A. $^{57}\text{Ti}$ Decay ($^{57}\text{Ti} \to ^{57}\text{V}$)

• Ground-State Feeding: The study found a ground-state feeding of only $4(2)\%$, a dramatic reduction from the previously reported $54(3)\%$ based on high-resolution spectroscopy.
• $\log ft$ Value: The new ground-state transition strength is $\log ft = 5.8^{+0.3}_{-0.2}$.
• Implication: The previous high-resolution data suffered from the Pandemonium effect, missing significant feeding to excited states (specifically a new level at 2178 keV and 2289 keV). The actual gs-gs transition is much weaker than previously thought.

B. $^{57}\text{Sc}$ Decay ($^{57}\text{Sc} \to ^{57}\text{Ti}$)

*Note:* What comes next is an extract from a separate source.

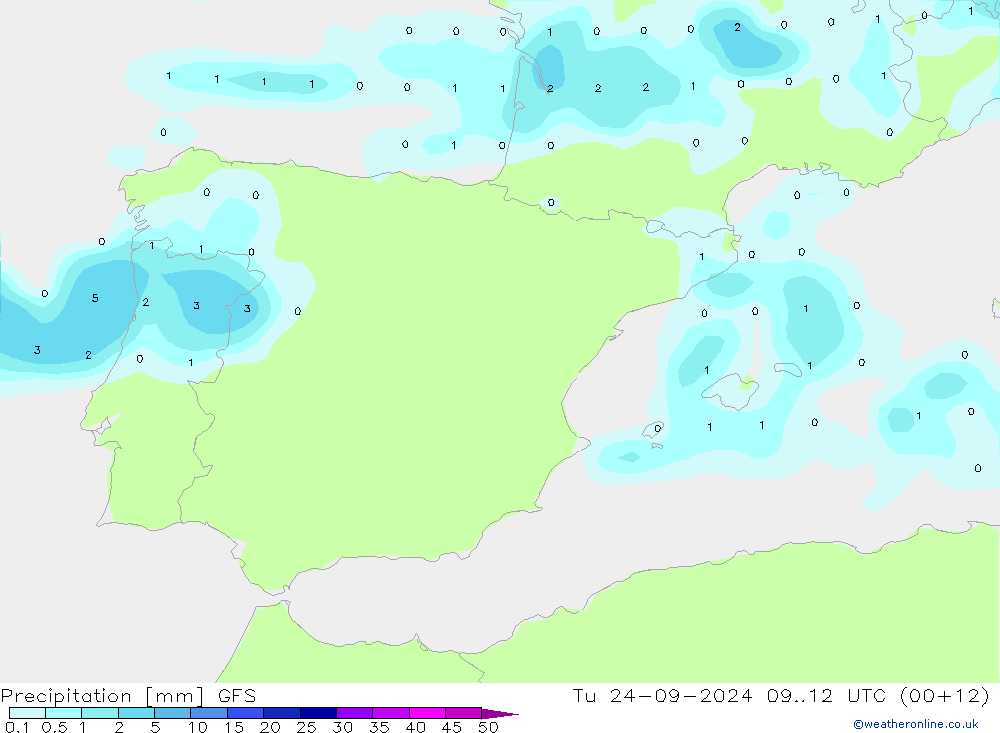 Neerslag GFS di 24.09.2024 12 UTC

• Ground-State Feeding: No evidence was found for ground-state feeding. An upper limit of $<0.9\%$ was established.
• $\log ft$ Value: The lower limit for the gs-gs transition is $\log ft > 6.0$.
• Structure: The decay predominantly feeds the first excited state at 364 keV ($23(5)\%$), supporting a $1/2^-$ ground state spin assignment for $^{57}\text{Ti}$ (consistent with recent shell-model predictions), which forbids a strong allowed transition to the $5/2^-$ parent ground state.

C. $^{59}\text{Ti}$ Decay ($^{59}\text{Ti} \to ^{59}\text{V}$)

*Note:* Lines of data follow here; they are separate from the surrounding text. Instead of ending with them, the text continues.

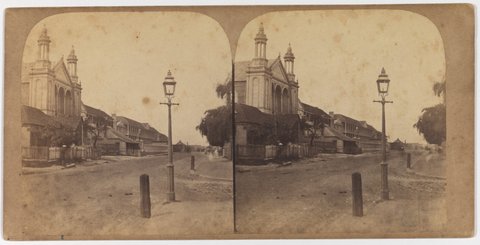 Macquarie Street South (1859) (Taken from corner of Hunter & Macquarie Streets, looking south. St. Stephens Presbyterian Iron Church on left), c. 1858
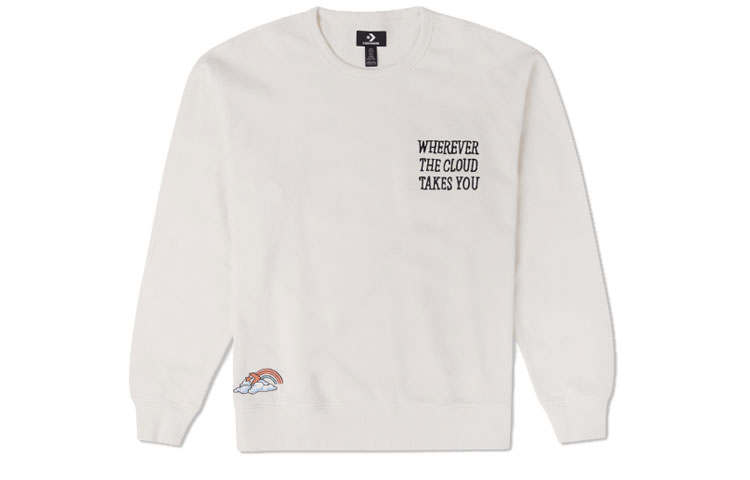 Converse Converse Sweatshirts Men's White Crew Neck Moderate Regular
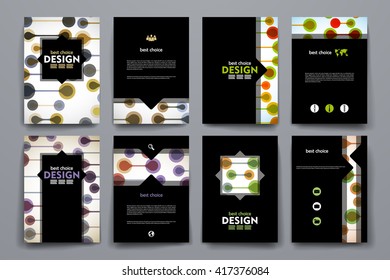 Set of brochure, poster design templates in DNA molecule style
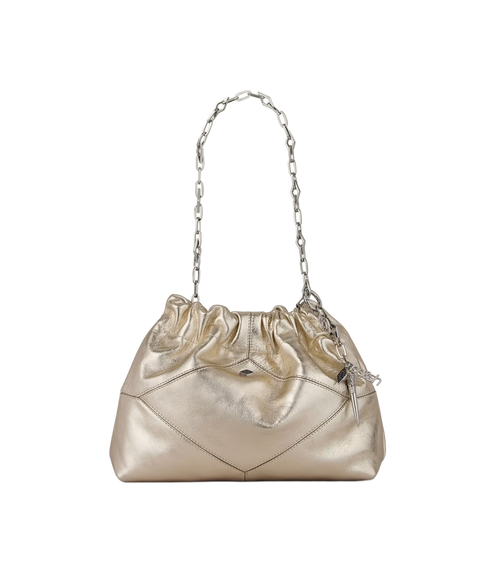 Sac M Cuir Lamine Mini June Tote - Champagne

• Ground-State Feeding: The ground-state feeding is $7.7(10)\%$, significantly lower than theoretical predictions which suggested a strong transition.
• $\log ft$ Value: The measured value is $\log ft = 5.34^{+0.08}_{-0.24}$.
• Structure: The data supports a $1/2^-$ ground state for $^{59}\text{Ti}$ (part of the $N=40$ Island of Inversion). Theoretical calculations including quadrupole deformation ($\epsilon_2 \approx 0.15$) successfully reproduce the suppression of the gs-gs transition strength, confirming the role of deformation in this region.

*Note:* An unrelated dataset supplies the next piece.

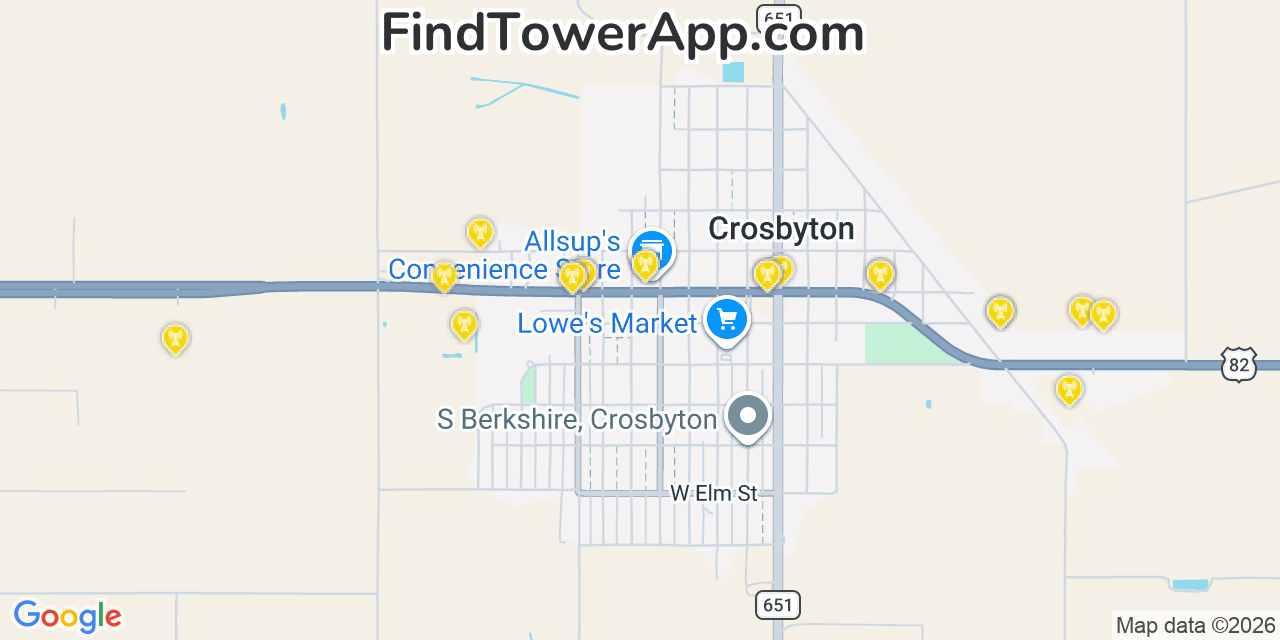 Map showing the 20 primary cell tower locations detected in Crosbyton, Texas from AT&T, Verizon, and T-Mobile networks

4. Astrophysical Significance

• Reduced Urca Cooling Efficiency: The experimental results indicate that the gs-gs transition strengths for the $^{57}\text{V} \leftrightarrow ^{57}\text{Ti}$ and $^{59}\text{V} \leftrightarrow ^{59}\text{Ti}$ Urca pairs are significantly weaker than predicted by the QRPA-fY model and previous measurements.
• Impact on Crust Temperature: When these new, weaker transition strengths are applied to NS crust models:
  • The cooling rate provided by the $^{57}\text{V} \leftrightarrow ^{57}\text{Ti}$ pair drops by at least an order of magnitude.
  • Consequently, this pair is no longer the dominant cooling agent; the $^{29}\text{Mg} \leftrightarrow ^{29}\text{Na}$ and $^{55}\text{V} \leftrightarrow ^{55}\text{Ti}$ pairs become the primary coolants.
  • The $^{57}\text{Ti} \leftrightarrow ^{57}\text{Sc}$ pair is confirmed to be negligible.
• Thermal Structure: The reduced efficiency of neutrino cooling implies that accreted neutron star crusts in systems exhibiting superbursts may retain higher temperatures than previously modeled. This has direct implications for interpreting the cooling light curves of quasi-persistent X-ray transients and the ignition conditions for superbursts.

5. Conclusion

This work provides the first robust experimental constraints on the $\beta$-decay feeding of $^{57}\text{Sc}$, $^{57}\text{Ti}$, and $^{59}\text{Ti}$ using Total Absorption $\gamma$-Spectroscopy. The results demonstrate that theoretical models (QRPA-fY) and previous high-resolution measurements significantly overestimated the ground-state feeding in these nuclei near the $N=40$ island of inversion. By correcting these inputs, the study reveals that Urca cooling in accreted neutron star crusts is less efficient than previously believed, necessitating a re-evaluation of thermal models for neutron stars with superburst activity. The findings also validate the emergence of significant nuclear deformation and revised spin assignments ($1/2^-$) for these neutron-rich isotopes.